▶ [Available data]
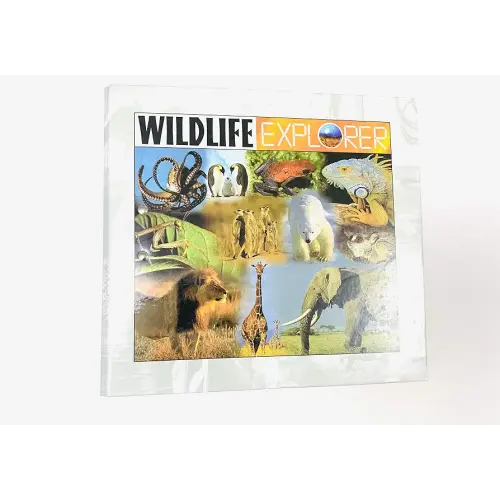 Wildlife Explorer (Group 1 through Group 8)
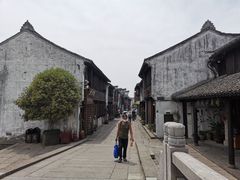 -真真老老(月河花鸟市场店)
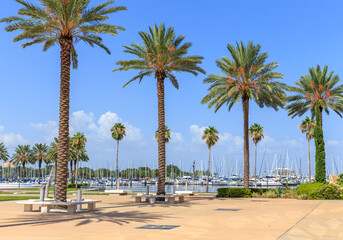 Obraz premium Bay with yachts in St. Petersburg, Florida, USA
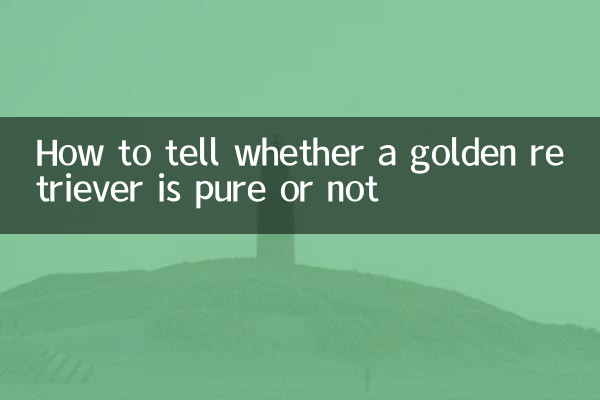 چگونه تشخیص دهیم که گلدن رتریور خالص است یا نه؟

--

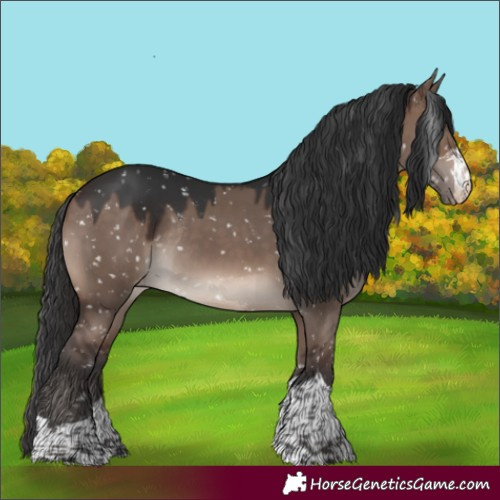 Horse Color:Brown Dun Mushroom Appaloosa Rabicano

* * *

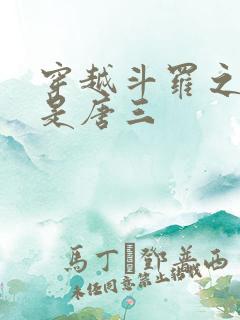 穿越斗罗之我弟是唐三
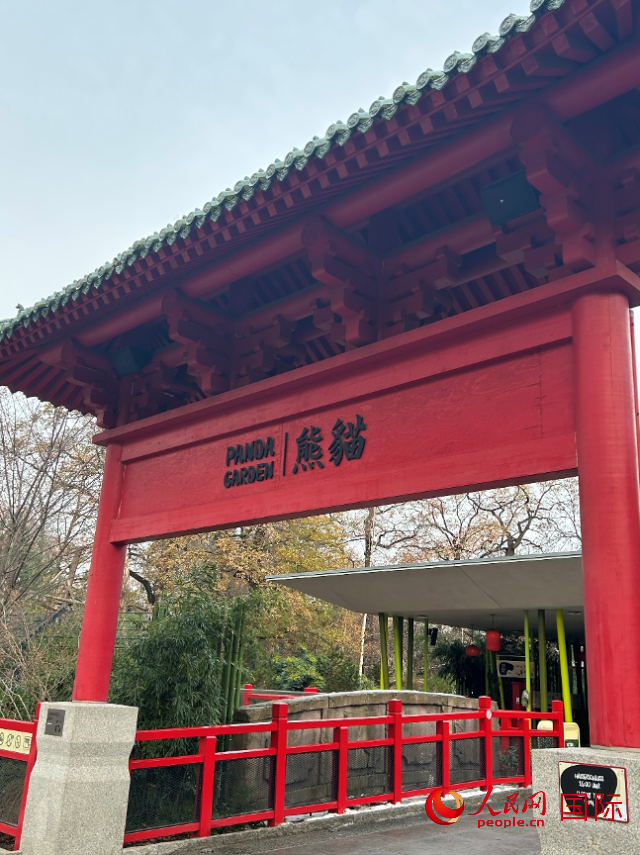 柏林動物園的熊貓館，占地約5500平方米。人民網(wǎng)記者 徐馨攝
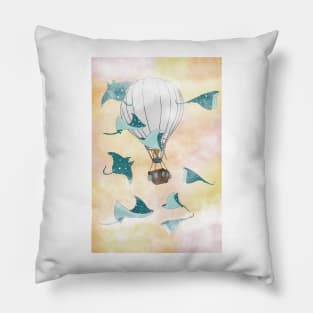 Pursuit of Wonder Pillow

▶ [Task to carry out] With the pictures omitted, print the lines above exactly, beginning at the line with "Wildlife Explorer (Group 1 through Group 8)" and going on through the line with "چگونه تشخیص دهیم".

▶ [Response to the task]
 Wildlife Explorer (Group 1 through Group 8)
 -真真老老(月河花鸟市场店)
 Obraz premium Bay with yachts in St. Petersburg, Florida, USA
 چگونه تشخیص دهیم که گلدن رتریور خالص است یا نه؟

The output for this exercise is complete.